Secondly - how is the time spent on social media "really really" the one we are being reasonable about this time?
"And unlike some forms of leisure, this one bears no fruit."
Increased connection with peers, for one. It's incredibly easy to network now. I'm young, and wasn't around for what you're looking back on as the good old days, but I disagree that there is no value to being able to send a one off "look what I'm doing" to a friend.
"Increased connection with peers, for one. It's incredibly easy to network now."
Is it, really? The girl in this article basically doesn't even LOOK at the pictures. The "conversation" is effectively: "Look at what I'm doing" "I don't care what you're doing" "Look at what I'm doing" "I don't care what you're doing" That doesn't seem like "increased connection".
But, this is also what I expect from a 13 year old.
Replace "SnapChat" with "Television" or "Video Games" in your comments, and the meaning is no different. Do you feel the same way about all diversionary forms of leisure?
Its easy to dismiss as more of the same, just different fads.
But 'kids these days' are actually threatened this time. With inactivity, sugar, constant media bombardment, record-short attention spans. The list goes on. They're being raised in an environment that no animal was ever exposed to before in history.
And they keep making more frantic devices, and the kids keep buying them. And we'll run off the cliff like lemmings and wonder what happened.
Sure, just like the previous generation, and the one before it, and ...
The majority of people in any country are basically useless idiots w.r.t making policy decisions or creating something beneficial for society. That said, we can't discount the social benefit of the subset who are basically idiots but empathetic care-givers.

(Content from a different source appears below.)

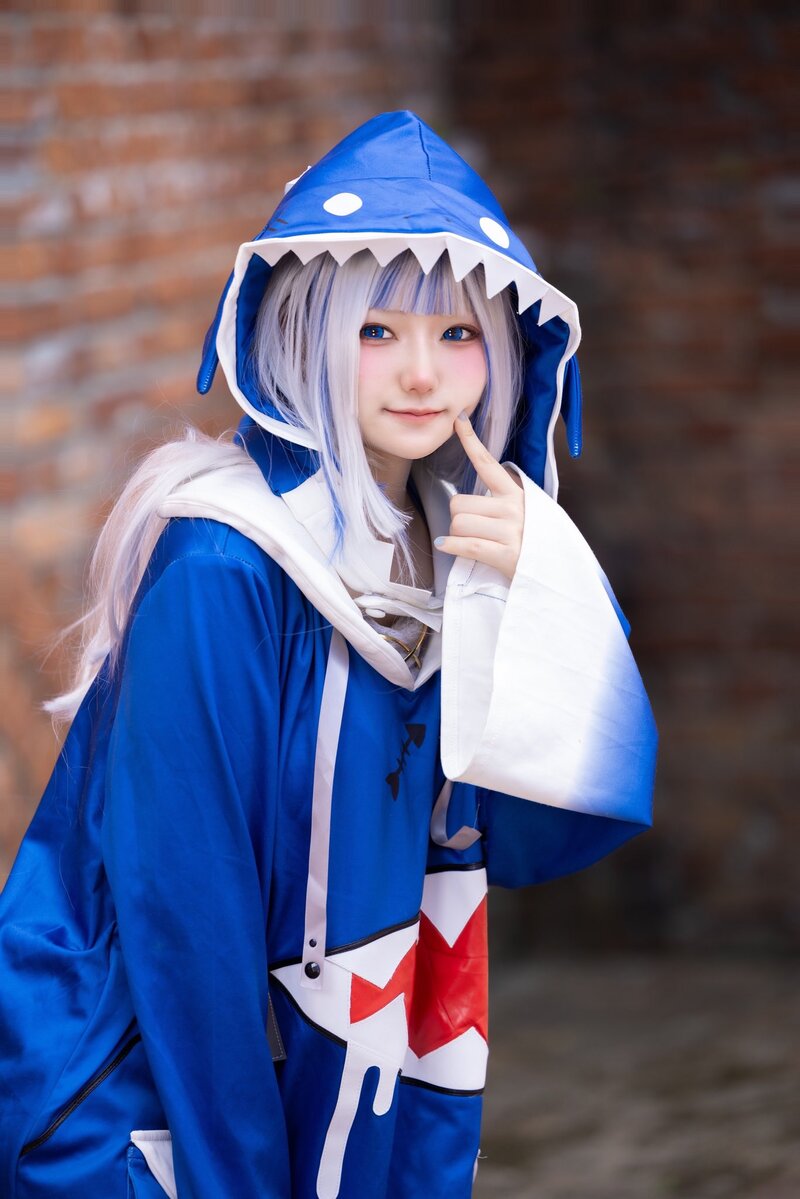 Ảnh Gái Xinh Cosplay Gawr Gura 6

The shame is the number of resources being consumed by useless idiots in developed countries and elites vs. say useless idiots in Afghanistan or Bangladesh.
I agree that the fact that apps are becoming Skinner boxes is problematic.
> this nonsense is creating an asinine, infantilized generation: easily manipulated, desperate for social acceptance, incapable of independent thought, and entirely beholden to the whims of mainstream society.
As far as I can tell, most people in any time period have been like this.
Desperate for social acceptance: There's that "keeping up with the Joneses" thing. Nothing new.
Incapable of independent thought: If most people in the past had been capable, mass movements like Christianity, Islam, Nazism, Communism etc. would never have caught on like they did.
Easily manipulated: Didn't aristocrats etc. manipulate peasants/serfs back in the Middle Ages?
So fantastic that the amount of time and energy this girl and her peers dedicate to its use is well directed? And here I'd thought it only enables one to send photographs to one's friends, with a scoring system to encourage the development of addictive behavior.
You could say the same of nearly any fad that resonates with teenagers. My point was plenty of people I know, across various ages, use Snapchat as a replacement for MMS. I would hardly classify that as an obvious misdirection of human attention.